EXERCISE DETAILS: The records below are to be copied exactly, with every picture left out.

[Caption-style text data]
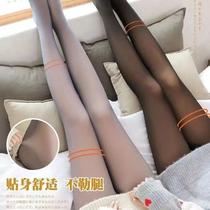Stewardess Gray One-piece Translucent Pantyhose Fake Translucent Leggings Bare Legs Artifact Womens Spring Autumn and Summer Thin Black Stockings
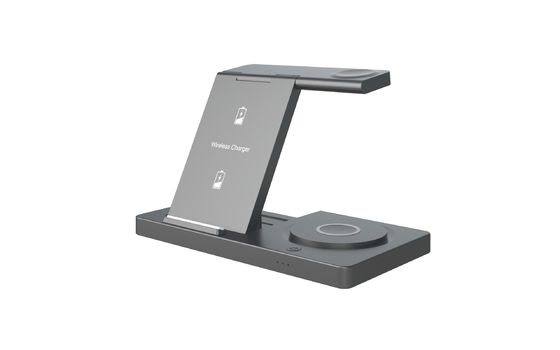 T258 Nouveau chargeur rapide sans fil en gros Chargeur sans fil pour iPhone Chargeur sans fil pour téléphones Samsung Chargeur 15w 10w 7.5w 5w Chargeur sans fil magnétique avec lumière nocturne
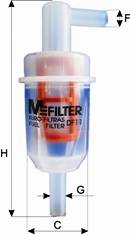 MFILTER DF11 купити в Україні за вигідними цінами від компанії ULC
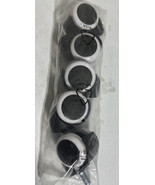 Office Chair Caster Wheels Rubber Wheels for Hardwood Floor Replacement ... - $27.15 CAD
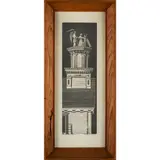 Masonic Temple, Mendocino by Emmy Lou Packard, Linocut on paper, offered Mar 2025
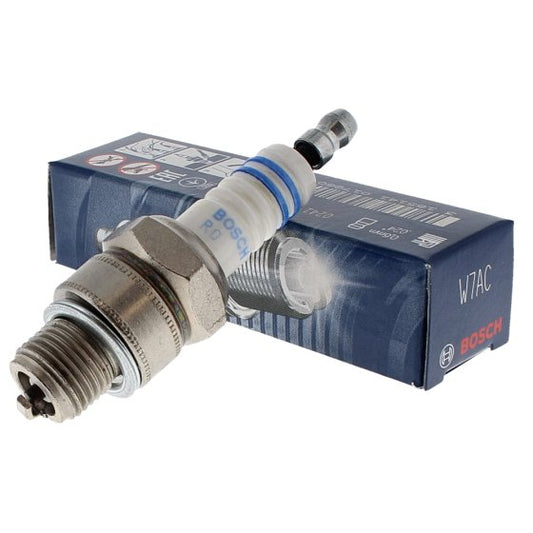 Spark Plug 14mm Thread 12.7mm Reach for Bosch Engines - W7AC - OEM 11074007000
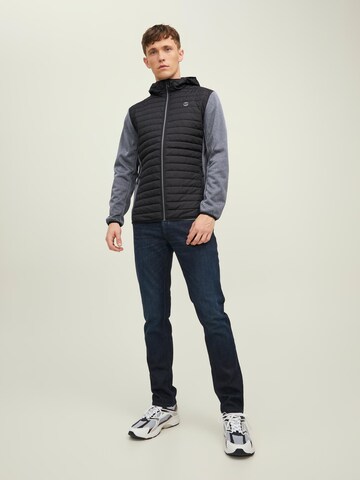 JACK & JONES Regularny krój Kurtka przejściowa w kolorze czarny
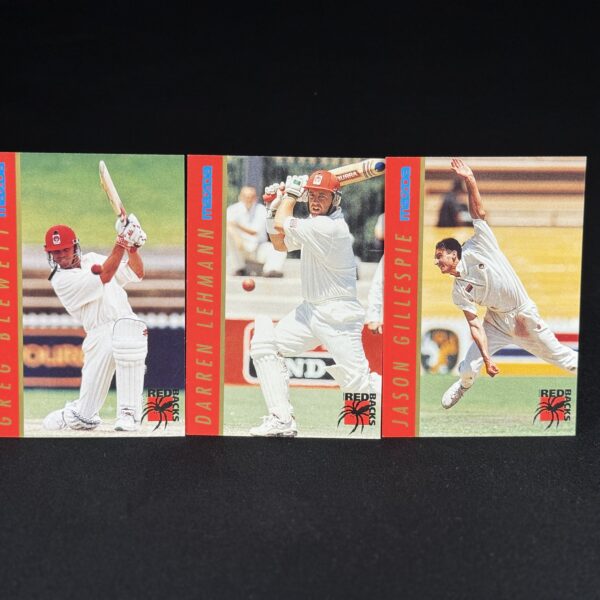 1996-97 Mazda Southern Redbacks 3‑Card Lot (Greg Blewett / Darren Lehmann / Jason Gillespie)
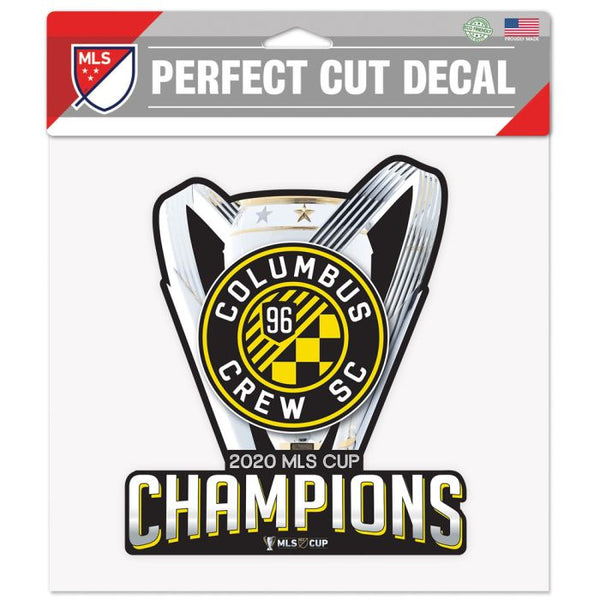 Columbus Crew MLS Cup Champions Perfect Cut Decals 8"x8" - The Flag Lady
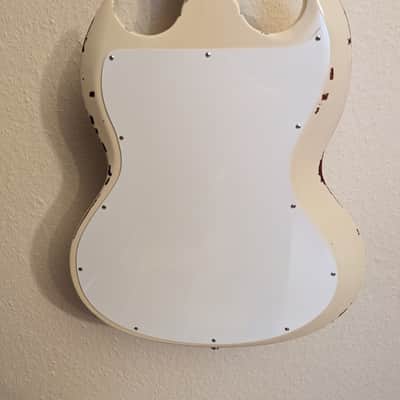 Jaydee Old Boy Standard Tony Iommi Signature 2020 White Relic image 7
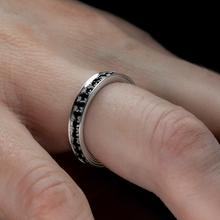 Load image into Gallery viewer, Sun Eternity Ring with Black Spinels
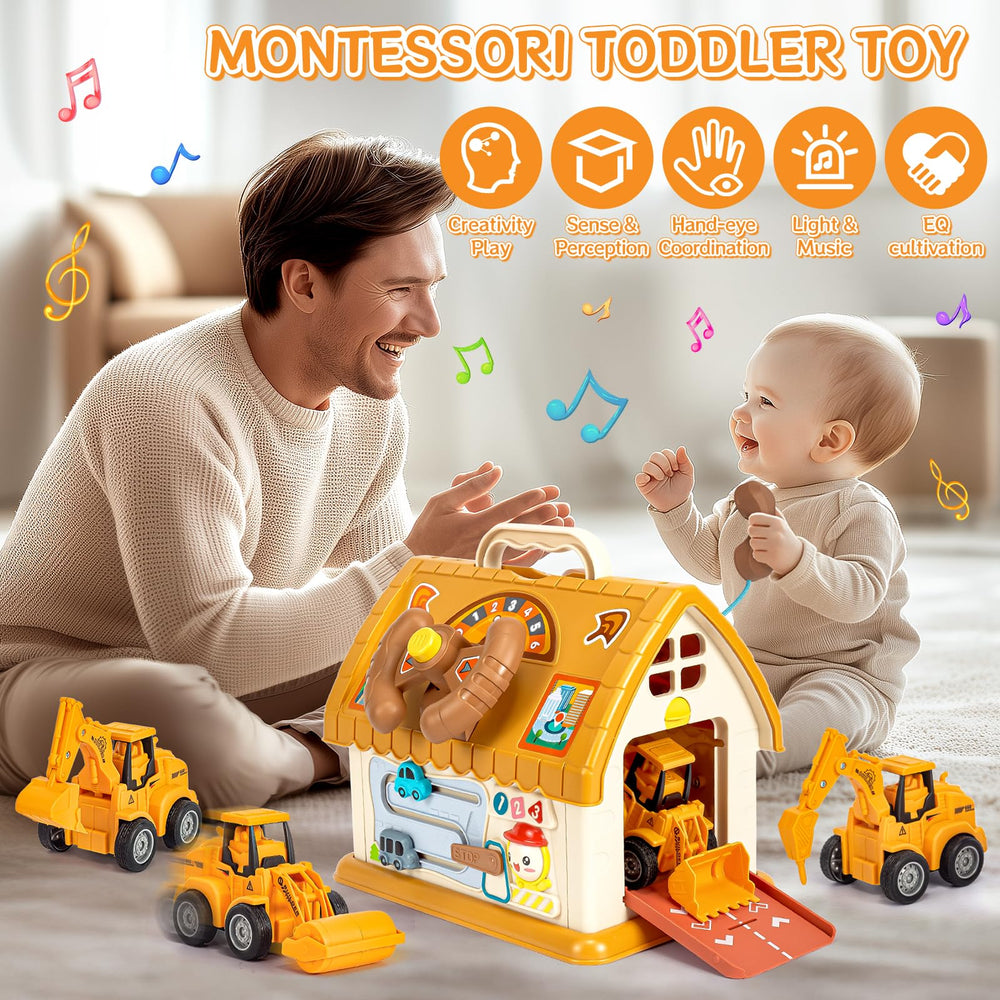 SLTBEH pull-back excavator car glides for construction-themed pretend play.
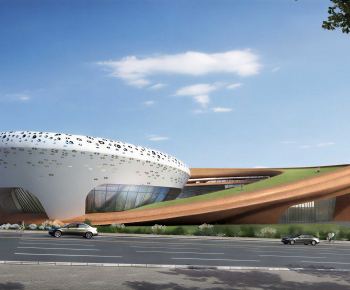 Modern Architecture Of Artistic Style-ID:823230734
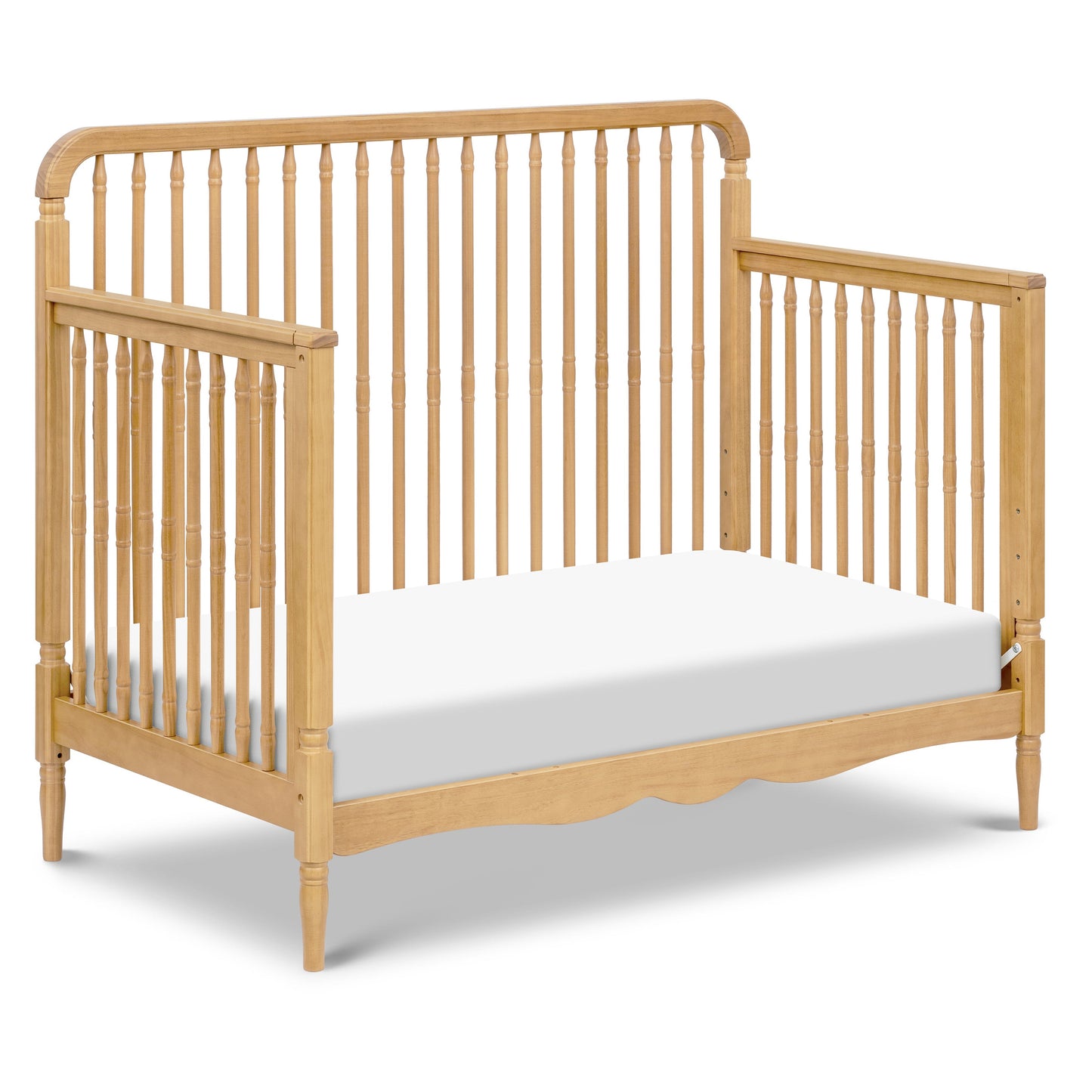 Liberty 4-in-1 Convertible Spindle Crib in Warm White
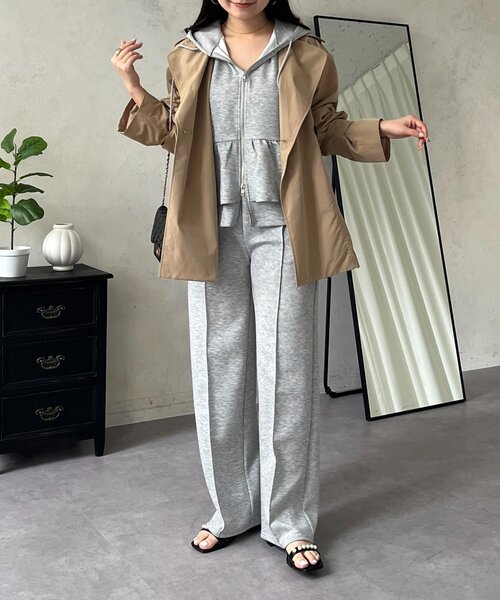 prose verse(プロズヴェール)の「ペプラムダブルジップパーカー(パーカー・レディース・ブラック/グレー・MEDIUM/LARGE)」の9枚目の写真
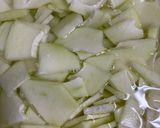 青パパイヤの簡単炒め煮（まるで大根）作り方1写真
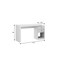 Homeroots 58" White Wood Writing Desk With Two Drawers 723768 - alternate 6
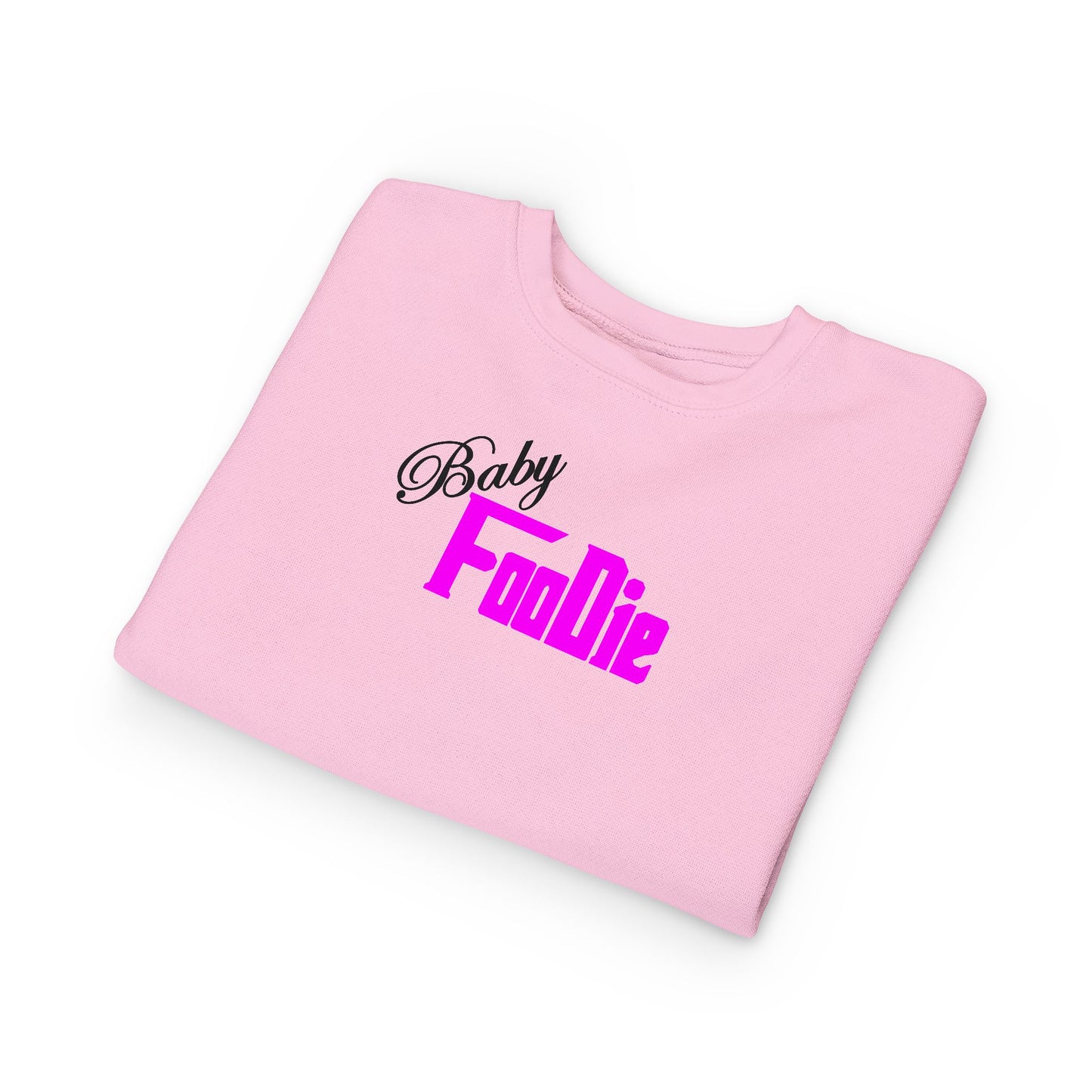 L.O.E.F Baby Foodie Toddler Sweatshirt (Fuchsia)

RESPONSE TO THIS EXERCISE:
Stewardess Gray One-piece Translucent Pantyhose Fake Translucent Leggings Bare Legs Artifact Womens Spring Autumn and Summer Thin Black Stockings
 T258 Nouveau chargeur rapide sans fil en gros Chargeur sans fil pour iPhone Chargeur sans fil pour téléphones Samsung Chargeur 15w 10w 7.5w 5w Chargeur sans fil magnétique avec lumière nocturne
 MFILTER DF11 купити в Україні за вигідними цінами від компанії ULC
 Office Chair Caster Wheels Rubber Wheels for Hardwood Floor Replacement ... - $27.15 CAD
 Masonic Temple, Mendocino by Emmy Lou Packard, Linocut on paper, offered Mar 2025
 Spark Plug 14mm Thread 12.7mm Reach for Bosch Engines - W7AC - OEM 11074007000
 JACK & JONES Regularny krój Kurtka przejściowa w kolorze czarny
 1996-97 Mazda Southern Redbacks 3‑Card Lot (Greg Blewett / Darren Lehmann / Jason Gillespie)
 Columbus Crew MLS Cup Champions Perfect Cut Decals 8"x8" - The Flag Lady
 Jaydee Old Boy Standard Tony Iommi Signature 2020 White Relic image 7
 Load image into Gallery viewer, Sun Eternity Ring with Black Spinels
 SLTBEH pull-back excavator car glides for construction-themed pretend play.
 Modern Architecture Of Artistic Style-ID:823230734
 Liberty 4-in-1 Convertible Spindle Crib in Warm White
 prose verse(プロズヴェール)の「ペプラムダブルジップパーカー(パーカー・レディース・ブラック/グレー・MEDIUM/LARGE)」の9枚目の写真
 青パパイヤの簡単炒め煮（まるで大根）作り方1写真
 Homeroots 58" White Wood Writing Desk With Two Drawers 723768 - alternate 6
 L.O.E.F Baby Foodie Toddler Sweatshirt (Fuchsia)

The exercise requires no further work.